The ideal management of traumatic brain injury (TBI) patients has been a neglected subset of neurological surgery and emergency medicine for much of allosteric medicinal practices since its existence. Recent advancements in medicinal technology, specifically high-resolution radiological imaging, has opened the door for novel pathology discovery techniques. Patients presenting with any trauma to the head should be subjected to a thorough neurological examination by a neurosurgeon or neurologist to ensure the intactness of the nervous system. However, the management of TBI patients is not a static task; constant monitoring of the patient’s condition and re-evaluation is of key importance. In our case, an 18-year-old male initially presented with a GCS of 13 but within a mere four hours, there was a rapid deterioration to a GCS of 5, a state of coma and unconsciousness.

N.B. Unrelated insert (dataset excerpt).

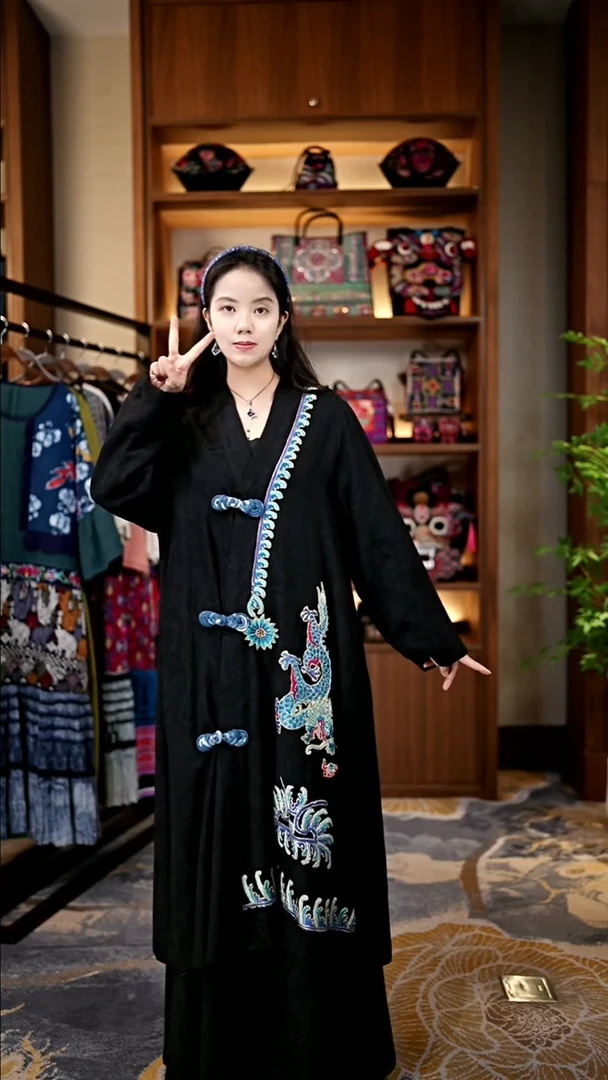 刺绣私人定制苗族手工衣服A9462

The rapid deterioration of a patient’s condition following a TBI serves as a highly reliable diagnostic tool for the need for immediate radiological studies and, often, surgical intervention. Upon our patient's rapid deterioration, a stat CT scan was ordered where a large, right-sided, acute EDH, with a 6-mm midline shift was identified. Patients with delayed onset epidural hematomas are also more likely to have an overlying skull fracture. Through stat emergency department imaging studies, no skull fracture was visualized, however, intraoperatively, a nondisplaced frontotemporal skull fracture was noted with bleeding. This highlights a key concept that radiological imaging is not a concrete diagnostic tool and serves as an aid to our professional opinion. Upon the completion of craniotomy, the patient made a full, expected recovery and was discharged on postoperative day four. Patients with traumatic brain injury are unique and, often, high-demand patients who require constant monitoring and advanced care. Ignoring the symptoms of any complexity may become deadly in a short period of time and greatly reduce the chances of a complete postoperative outcome. Throughout the years, EDH recovery rates have improved greatly and, today, only bear a two to five percent mortality rate, thanks to the improved care of TBI patients from the emergency department, neurosurgery, and allied healthcare team members.

Conclusions

The imperative findings of this report highlight how essential the rapid detection of delayed onset EDH is in saving a life. Letting the sun fully rise may lead to not so bright times. Serial radiological imaging is crucial for TBI patients in identifying developing neurologically relevant pathology; paying close attention to the condition of the patient is a key diagnostic tool. Any enlarging EDH with mass-effect on the brain constitutes the need for immediate surgical intervention to maximize post-traumatic outcomes.